- [To do]
The expected output is exactly the lines below, starting at the line with "Meridian Opal Grey" and ending at the line with "bowl of brown sugar with other products", both included; no other line belongs in it.

- [Data]

.....

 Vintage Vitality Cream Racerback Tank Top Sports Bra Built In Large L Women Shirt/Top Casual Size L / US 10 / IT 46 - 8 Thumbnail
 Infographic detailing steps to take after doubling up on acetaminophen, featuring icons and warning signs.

.....

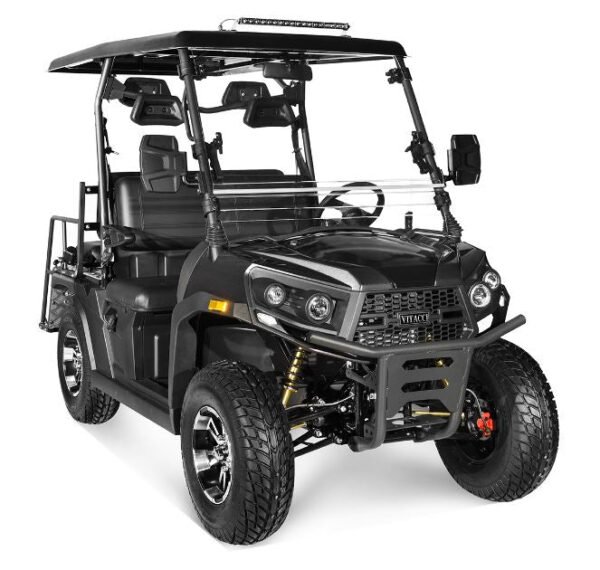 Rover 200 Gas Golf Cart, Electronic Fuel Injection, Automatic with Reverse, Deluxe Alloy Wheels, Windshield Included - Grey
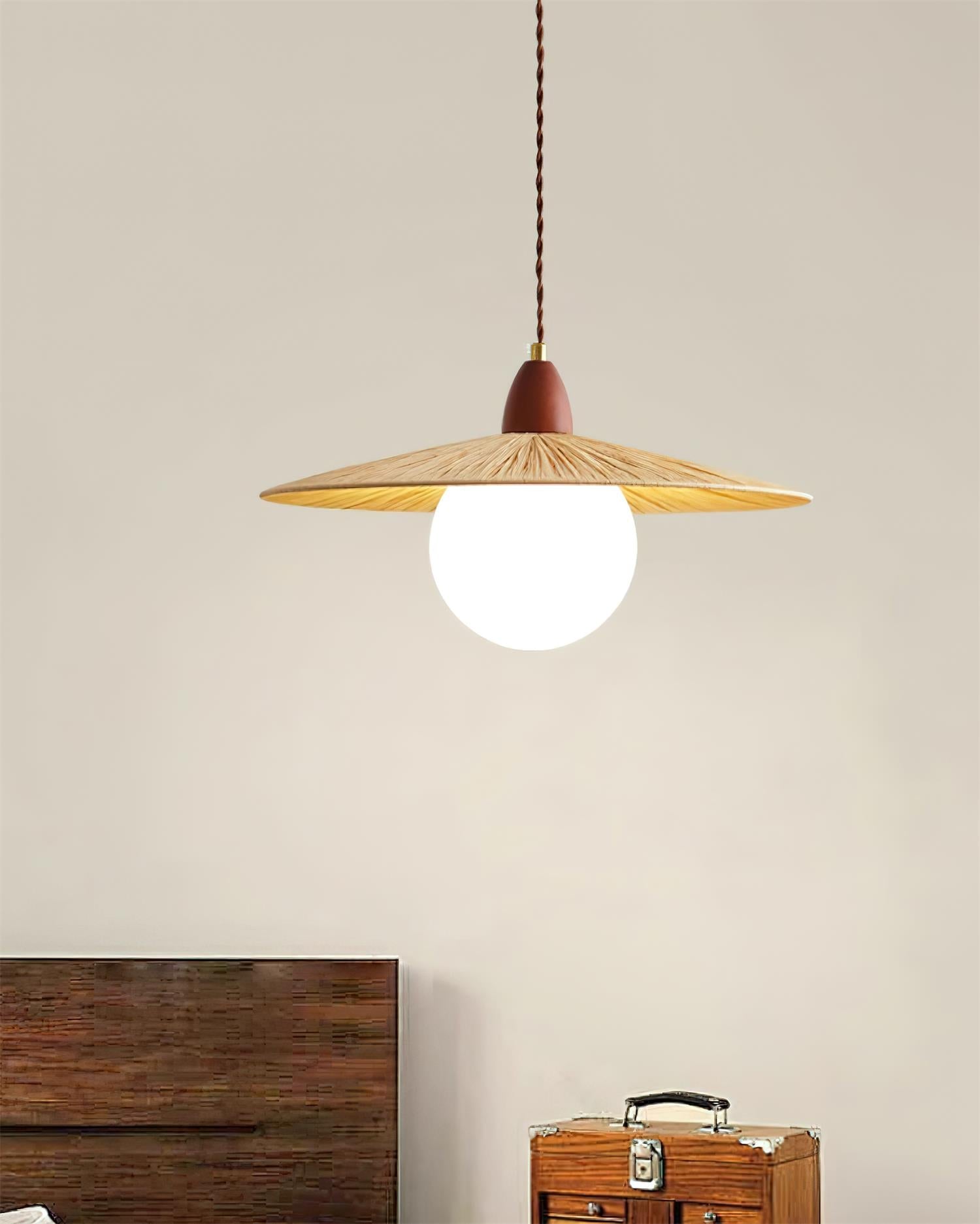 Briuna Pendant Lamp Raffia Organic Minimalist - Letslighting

.....

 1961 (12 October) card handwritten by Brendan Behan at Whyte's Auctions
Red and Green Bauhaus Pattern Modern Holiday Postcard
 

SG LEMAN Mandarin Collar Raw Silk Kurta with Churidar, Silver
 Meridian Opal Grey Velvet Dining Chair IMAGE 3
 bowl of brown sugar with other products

.....

- [Task solution]
 Meridian Opal Grey Velvet Dining Chair IMAGE 3
 bowl of brown sugar with other products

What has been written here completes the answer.